Today’s society would promote this as a healthy lunch.  We are told that whole grains, fruit and vegetables, dairy products and so on are good sources of nutrition.  And they can be.  The problem is, not all products are created equal.  Just because it is labelled whole grain doesn’t mean all the other ingredients are good.  And just because it has fruit in it doesn’t mean that it is healthy.  We need to go beyond that and read more labels.  Generally the rule of thumb is: the less ingredients the better and the easier to pronounce the better the ingredients are.  The exception being the Latin names for herbs etc. which I can’t pronounce for the life of me.  So let’s check out this lunch.  What exactly is wrong with it?

Whole wheat bread 

Check the label on your bread.  Does it contain High Fructose Corn Syrup (HFCS?)  if it does, your whole wheat bread has been demoralised.  HFCS is, among many other health problems, a leading cause of obesity.  Many breads, even ones labelled 100% whole wheat, contain HFCS.  Alternative: look for a loaf that contains a natural sweetener such as sugar or honey, which should be far down the list of ingredients, meaning that sugar is NOT a main ingredient in your bread. 

Processed meat
Processed meat contain nitrites, often contains HFCS, preservatives, and is high in sodium.  Is processed meat a good choice for a school lunch?  Absolutely not.  Alternatives: cooked meat, not processed meat.  Nut or seed butters (when allergies aren’t present).  Cheese.  Vegetables.  Cream cheese.  Low sugar jam.  Honey.  Butter.

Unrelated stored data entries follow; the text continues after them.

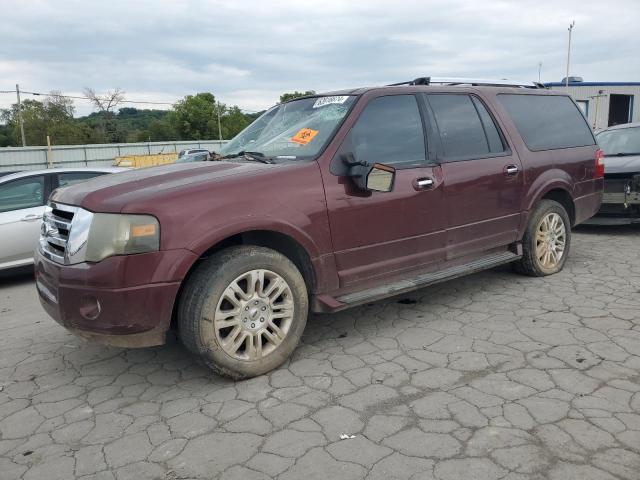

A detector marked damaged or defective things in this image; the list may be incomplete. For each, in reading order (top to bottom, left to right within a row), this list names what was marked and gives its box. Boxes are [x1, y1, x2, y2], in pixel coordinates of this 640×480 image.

cracked pavement [1, 226, 640, 480]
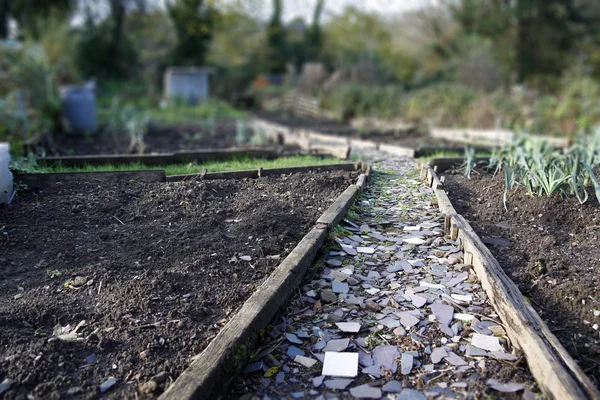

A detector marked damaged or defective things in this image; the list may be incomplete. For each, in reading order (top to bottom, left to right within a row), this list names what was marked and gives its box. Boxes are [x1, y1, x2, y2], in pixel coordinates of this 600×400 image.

broken slate piece [432, 304, 454, 324]
broken slate piece [472, 332, 504, 352]
broken slate piece [324, 352, 356, 376]
broken slate piece [372, 344, 400, 372]
broken slate piece [350, 382, 382, 398]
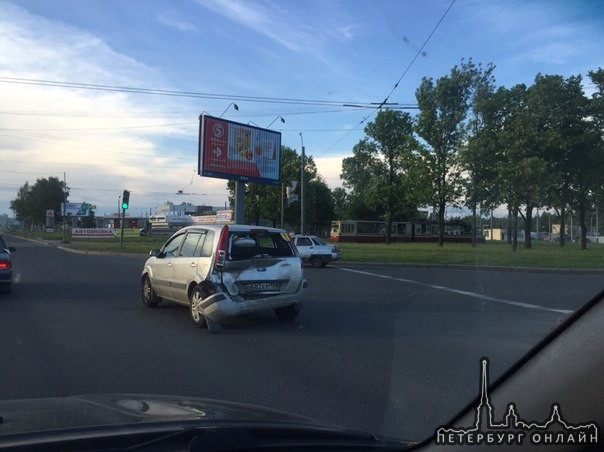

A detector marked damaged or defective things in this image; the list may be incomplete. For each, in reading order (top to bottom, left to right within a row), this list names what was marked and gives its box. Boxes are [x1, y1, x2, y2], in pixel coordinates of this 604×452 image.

damaged silver ford [142, 225, 306, 334]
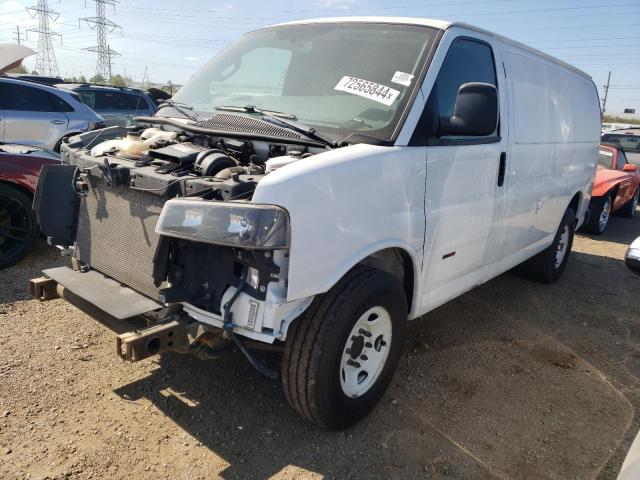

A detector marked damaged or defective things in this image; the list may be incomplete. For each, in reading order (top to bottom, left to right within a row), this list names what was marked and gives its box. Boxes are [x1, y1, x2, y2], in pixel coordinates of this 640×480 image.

Canned fruit slices.  These fruit slices are in plastic or metal containers that more than likely are lined with Bisphenol A  (BPA).    BPA, among other things, is a known endocrine disruptor and a potential carcinogen.  As well, cooked fruit contains less vitamins than raw fruit.   Alternatives: fresh fruit and/or vegetables. 

Fruit juice.  Fruit juice is fruit stripped of peels and pulp.  Peels and pulp are high in nutrients and fibre.  Therefore fruit juice, even 100% pure, is practically empty calories, high in sugar, and can cause dramatic blood sugar level spikes and crashes that interfere with learning and behaviour.  Alternative: tap water in a stainless steel container.

Granola bars
Most commercial granola bars are high in sugar.  If you consider that 4 grams of sugar equals 1 tsp of sugar, and you offer your child a granola bar with a sugar content of 16 grams of sugar, you are feeding her 4 tsp. of sugar in the bar alone, for a snack.  Add a fruit juice to that and you can expect her blood sugar to sky rocket and later, crash.  Alternatives: crackers and cheese, a cookie or granola bar (homemade is best) that is low in sugar. (Think 8 grams or less per serving).  Fruit. Dried fruit bars.  Nuts and/or seeds. 


Most people consider yogurt to be healthy.  The probiotics contained in active cultured yogurt are very beneficial to digestion and overall body health.  Ever checked the sugar content in a small container of flavoured yogurt?  The vanilla fruit ones can be between 20 and 30 g of sugar per serving!!!  That is the equivalent of 5-7 tsp of sugar in one little package of yogurt.  Also, the yogurt is in a plastic container which is likely made of bpa.  Alternative: plain yogurt sweetened with a drop of vanilla and a little bit of honey or jam.  Homemade yogurt is best: you can easily make homemade yogurt using simple ingredients such as milk, cream, and a tbsp of yogurt as a starter.  No additives, no colour, no artificial flavour, no preservatives or artificial thickeners.  Store in glass or stainless steel containers when possible.   

Now that I have stripped down that lunch box, what is left?  If you look at the alternatives, most of these will fit nicely into non-disposable containers to make for a litterless lunch.  Another favourite around our house is left-overs.  That healthy chili you made for supper?  The pancakes you made for breakfast?  Perfect for a lunchbox, and can be kept warm in a stainless steel insulated thermos.  So it all comes down to the ease of grabbing pre-packaged lunch and snack items versus the health and eco-friendliness of packing a low sugar, low salt, preservative-free, non-disposable lunch.  It’s more work, you betcha.  But it’s worth it.  Which will you choose?